Le Front populaire vient de rendre publique sa nouvelle « Initiative pour le salut et la construction » adoptée par son troisième Conseil national des 29 et 30 avril. Il y a beaucoup de choses justes dans ce texte en ce qui concerne la description de la situation déplorable du pays. Des choses contestables aussi. Mais ce qui apparaît au premier abord c’est tout de même une masse de généralités, inscrites sans surprise dans le rejet de la politique suivie par l’« alliance des quatre partis » qui forment le gouvernement. Au chapitre des propositions, l’appel à l’unité pour modifier les rapports de forces ne signifie pas non plus grand-chose et on comprend mal en quoi cette déclaration constitue ce qu’il est convenu d’appeler une « initiative ». Un connaisseur pourra nous dire ce qu’il faut lire entre les lignes, les nuances, peut-être, qui indiqueraient une évolution dans l’orientation de cette organisation.

Un alibi honteux

Pour ma part, je voudrais souligner un problème plus général en regardant, comme on me le reprochera, par ce que certains considèrent être le petit bout de la lorgnette. Au point 8 de la plateforme politique proposée, on lit que l’un des 9 objectifs de cette initiative est la « défense des acquis » dans le domaine des droits des femmes ainsi que leur « élargissement et leur approfondissement ».
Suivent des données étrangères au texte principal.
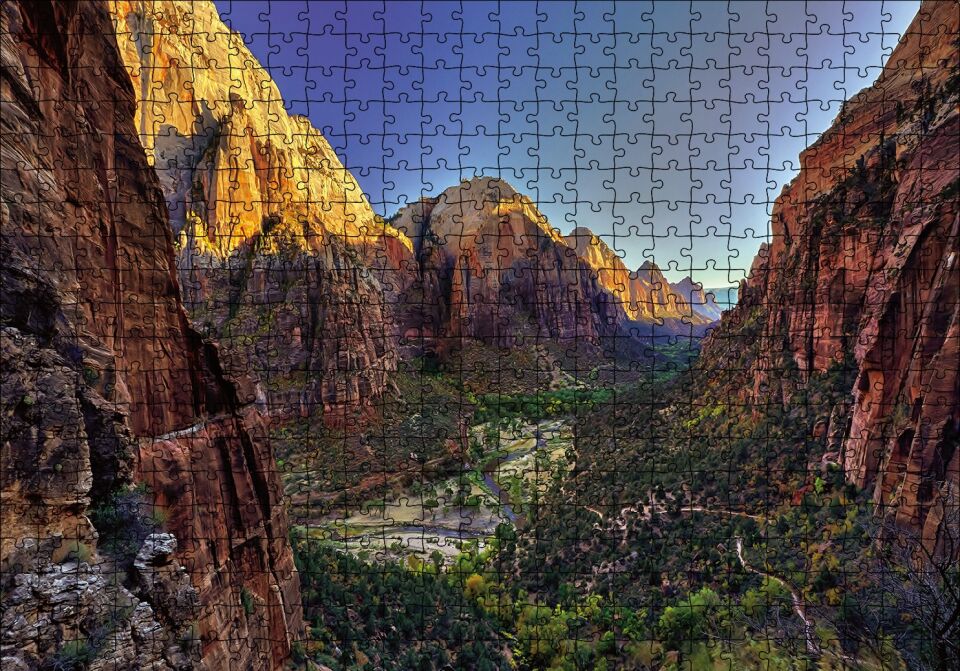 Dağlar Arasındaki Vadi Dere Puzzle Yapboz MDF Ahşap 500 Parça 49 cm X 68 cm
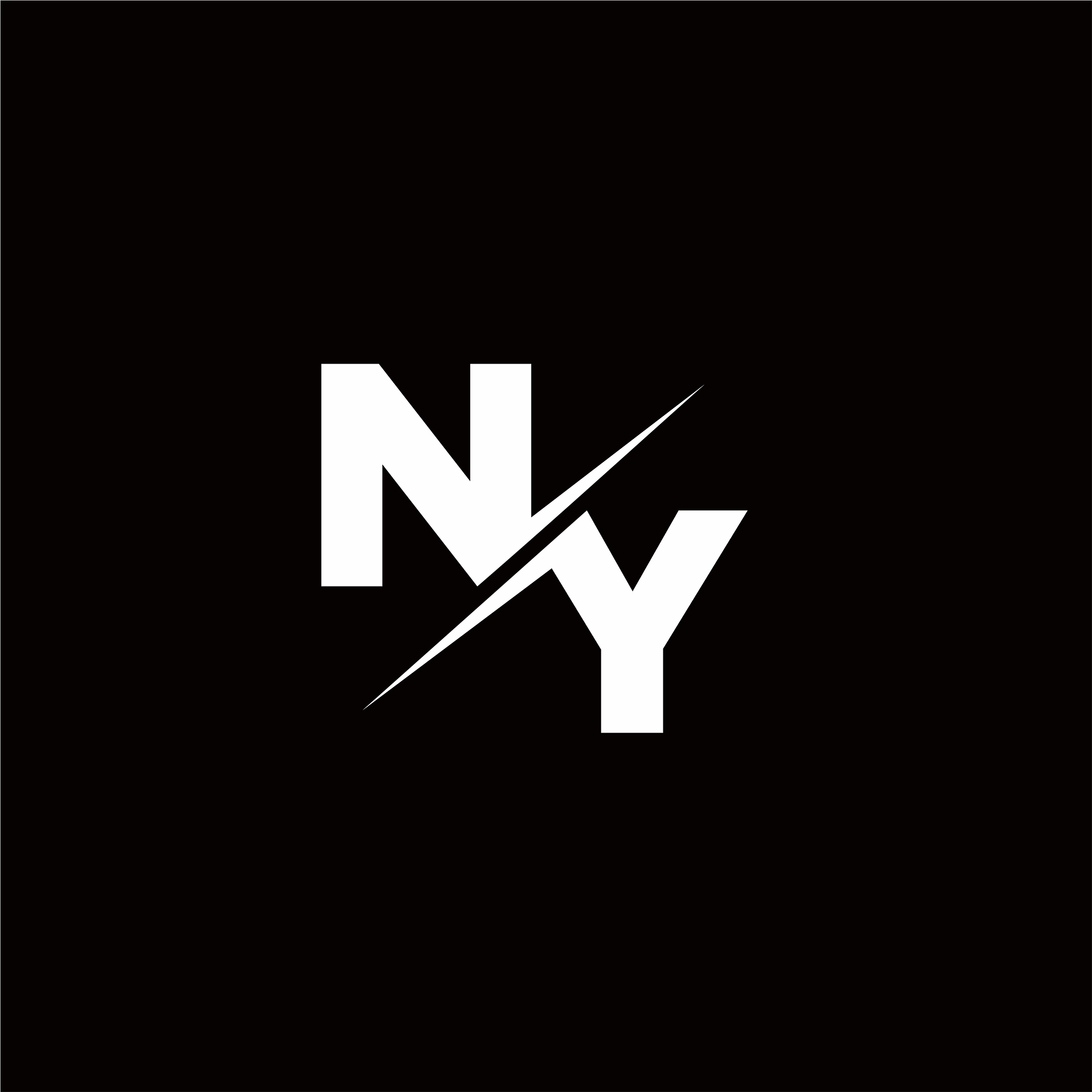 ny logo letter monogram slash with modern logo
En bonne logique, si l’on prend au sérieux les déclarations du Conseil national du Front populaire, l’égalité dans l’héritage devrait être d’actualité. Or, on apprend que les députés du Front populaire qui avaient signé initialement le texte de Mehdi Ben Gharbia proposant une loi allant dans ce sens, s’en sont finalement désolidarisés. Le moment n’est pas opportun, nous dit-on en substance, il y a d’autres « priorités » que brouillerait une polémique inopportune sur cette question. Le moment où le Front populaire avait signé ce texte, dont aujourd’hui il se retire, était-il différent ? On aurait bien aimé savoir ce qui caractérise un moment opportun. Serait-ce quand il ne se passe rien dans le pays ? Mais, en vérité, la question fondamentale n’est pas là. Elle n’est pas même dans celle de savoir s’il est juste ou légitime d’établir l’égalité dans l’héritage. Au-delà de l’opportunisme que semble révéler (confirmer ?) ce revirement brutal ou des possibles dissensions internes au Front Populaire qui auraient ainsi trouvé leurs solutions, se posent des problèmes bien plus graves à mon avis.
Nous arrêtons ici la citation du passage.